The contributions of this work are summarized.

• (1)

  A dual structure convolutional neural network is used for the recognition of yoga postures, where the structure CNN A can observe different channels of finding the global features, and the structure CNN B can calculate the depth information in each pixel of an image. Together, the two structures pay attention to critical features of yoga images.

• (2)

  The proposed feature fusion function is proved to have positive effects on the recognition of yoga postures. Moreover, the feature fusion with a matrix dot multiplication operation can yield more effectiveness in the improvement of the recognition for yoga postures than that with a direct connection operation does. The values of feature fusion can afford the direction of ongoing yoga and human posture.

This work thus is arranged below as follows. The following section, the related literature is summarized in Related Works. Methodology discusses the proposed model architecture and the proposed feature fusion function. Experiments and Results puts a discussion based on the experimental analytics. Lastly, Conclusion draws this work and directs future works.

Model’s structure

Figure 1 displays the structure of DSCNN, including the structure CNN A and the structure CNN B. Because the two structures CNN A and CCN B focus on different objectives, CCN A adopts the two-layer structure, while CNN B adopts the three-layer structure. The details are as follows.

The structure CNN A is used to focus on the global feature of a yoga image. To extract the global feature at coarse granularity, in structure CNN A, we consider a double layer structure, including $50\times 50\times 16$ convolution layer, batch normalization and rectified linear unit (ReLU), followed by $25\times 25\times 128$ convolution layer and a MaxPooling layer.

The structure CNN B is to finely extract the local feature of a yoga image, which can pay more attention to the details of a yoga pose, i.e., the so-called ‘local feature’. In structure CNN B, we designed three convolutional layers, including $50\times 50\times 32$ convolution layer, batch normalization and ReLU, followed by $50\times 50\times 64$ convolution layer, batch normalization, ReLU and a MaxPooling layer. Thereafter, $25\times 25\times 128$ convolution layer, batch normalization ReLU, and a MaxPooling layer. After the global feature and the local feature are integrated, they enter a fully connected layer. Finally, the recognition of yoga poses is implemented in the Softmax layer.
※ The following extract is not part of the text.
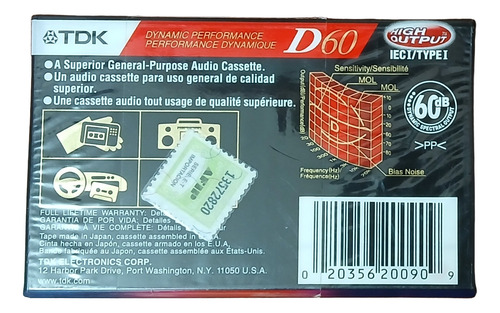 Casetes De 90 Konica Y 60 Tdk Envase Original Cod 2820 Negro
Here, the global feature extraction and the local feature extraction have different purposes. For example, like the two yoga poses in the literature (Fig. 5C in Verma et al., 2020), when the two yoga poses are the same, but there are obvious differences in the background, to prevent misrecognition caused by background interference, hence, we considered the global feature. That is, the role of the global feature is to resist the interference of the background in an image. However, when the two yoga poses have obvious differences, in this scenario, the local feature can directly recognize yoga poses. Although our goal is to recognize yoga poses of input images, the background of input images may create interference. Accordingly, we took into account the global feature to resist the interference. Certainly, the recognition of yoga poses mainly relies on the local feature. Overall, the roles of the local feature and the global feature are different.

Feature fusion

This subsection starts to illustrate how to fuse the global feature and the local feature. For the convenience of description, let us assume the global feature $F_{\mathrm{g}}=\left[\begin{array}{cccc}{g}_{11}& g_{12}& ...& g_{1m}\\ g_{21}& g_{22}& ...& g_{2m}\\ ...& ...& ...& ...\\ g_{m1}& g_{m2}& ...& g_{mm}\end{array}\right]$ and the local feature $F_l=\left[\begin{array}{cccc}{l}_{11}& l_{12}& ...& l_{1m}\\ l_{21}& l_{22}& ...& l_{2m}\\ ...& ...& ...& ...\\ l_{m1}& l_{m2}& ...& l_{mm}\end{array}\right]$.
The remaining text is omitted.